▶
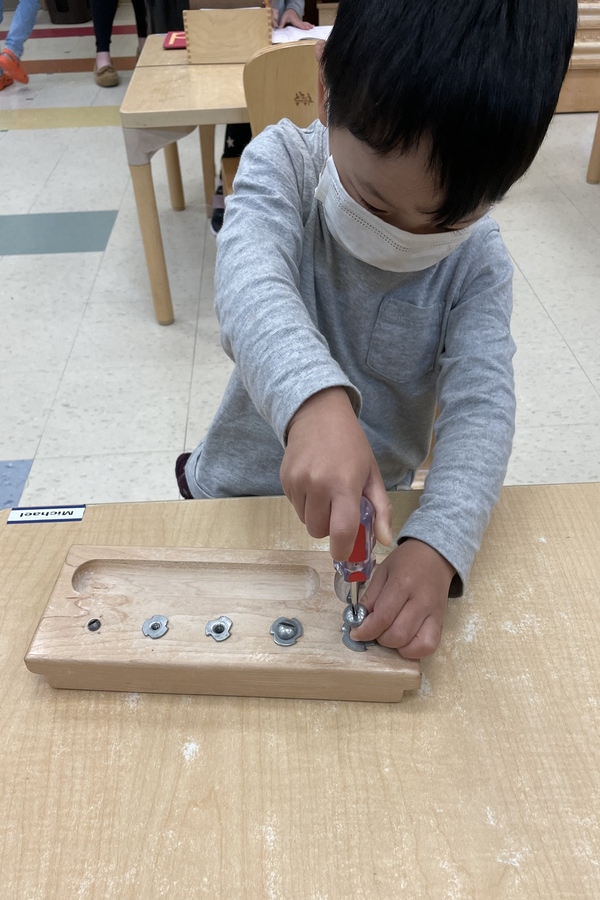 A child using a screwdriver and screws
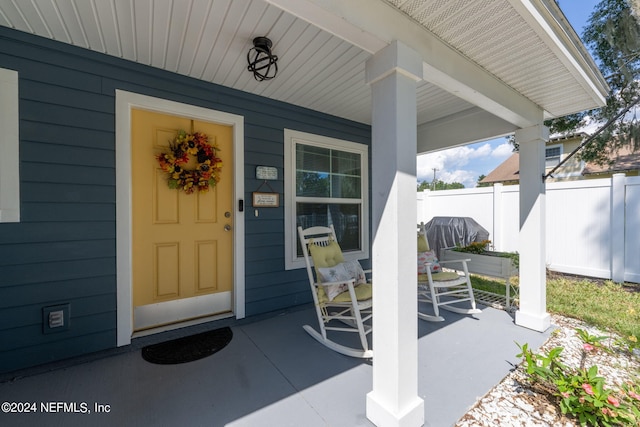 view of exterior entry with covered porch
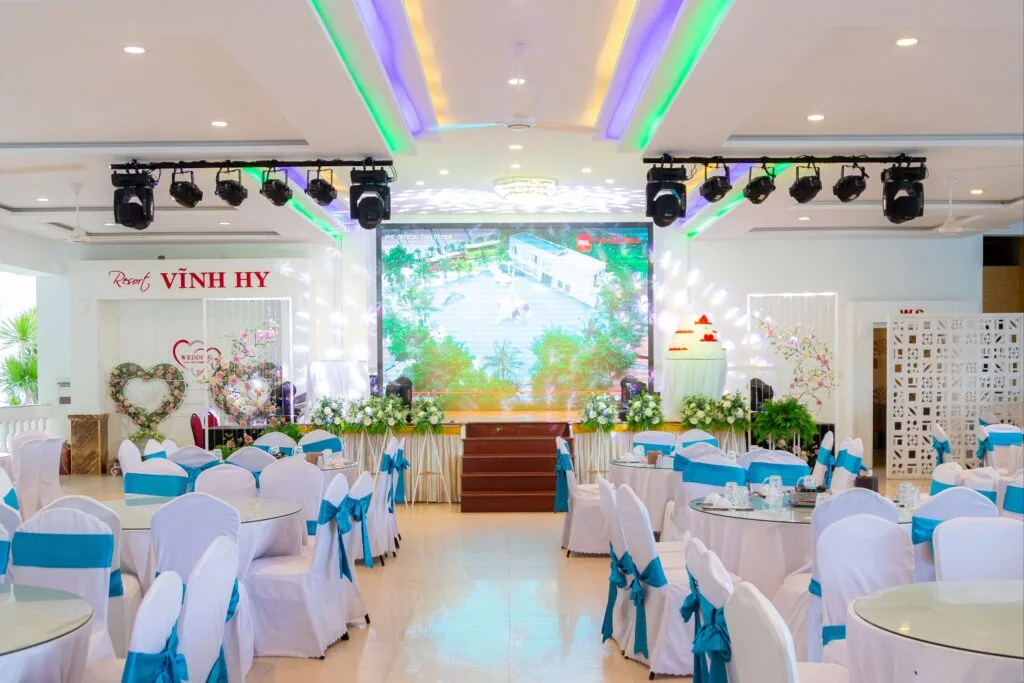 Sảnh tiệc trong nhà của Resort Vĩnh Hy, bàn tròn phủ khăn trắng và nơ xanh, sân khấu có màn hình lớn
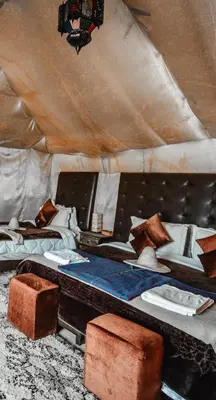 a room with two beds in a tent at Local Luxury Camp in Merzouga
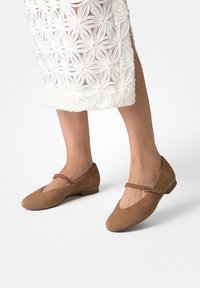 Hnědé semišové balerínky se zaoblenou �špičkou a dekorativním páskem přes nárt, s malým nízkým podpatkem a hladkou texturou.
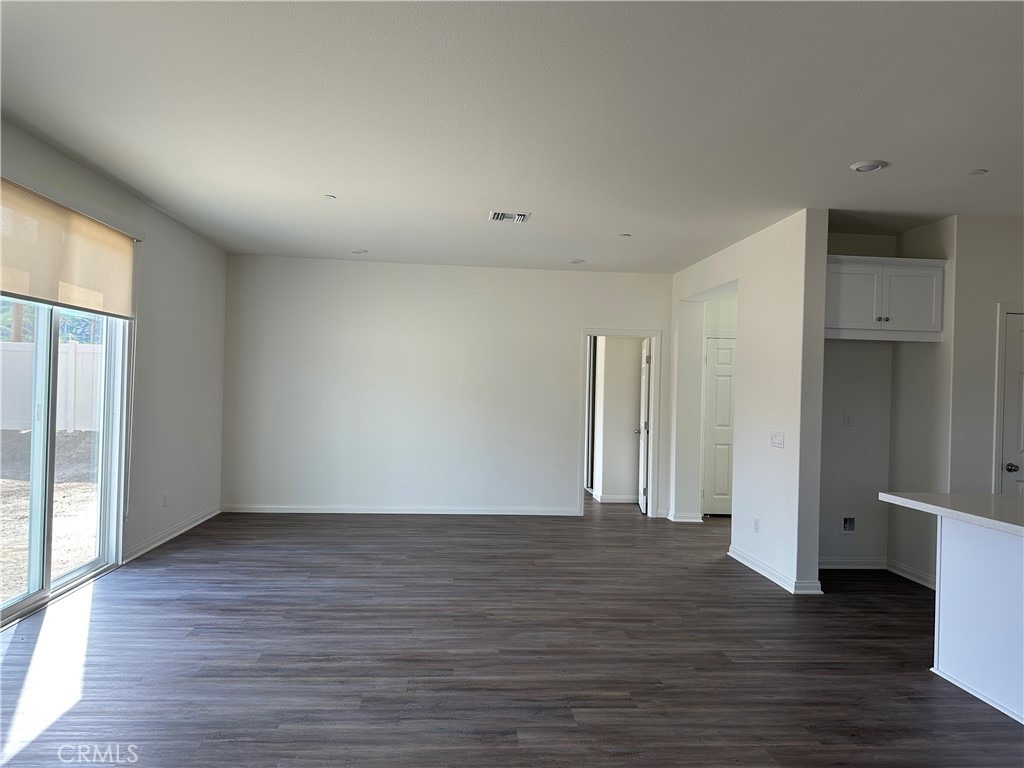 7560 Citrusmoon Court Riverside, CA 92507 - Photo 5 of 18 a view of an empty room with wooden floor and a window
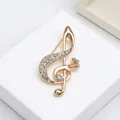 Elegant gold musical treble clef brooch with white rhinestones on display - Gold Musical Note (256)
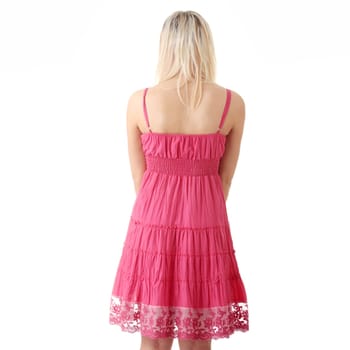 Young beautiful girl in short summer pink dress isolated on white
◀
■ PROBLEM TO SOLVE ■
An exact copy of every entry above is needed, with the pictures left out.

■ WORKED SOLUTION ■
 A child using a screwdriver and screws
 view of exterior entry with covered porch
 Sảnh tiệc trong nhà của Resort Vĩnh Hy, bàn tròn phủ khăn trắng và nơ xanh, sân khấu có màn hình lớn
 a room with two beds in a tent at Local Luxury Camp in Merzouga
 Hnědé semišové balerínky se zaoblenou �špičkou a dekorativním páskem přes nárt, s malým nízkým podpatkem a hladkou texturou.
 7560 Citrusmoon Court Riverside, CA 92507 - Photo 5 of 18 a view of an empty room with wooden floor and a window
 Elegant gold musical treble clef brooch with white rhinestones on display - Gold Musical Note (256)
 Young beautiful girl in short summer pink dress isolated on white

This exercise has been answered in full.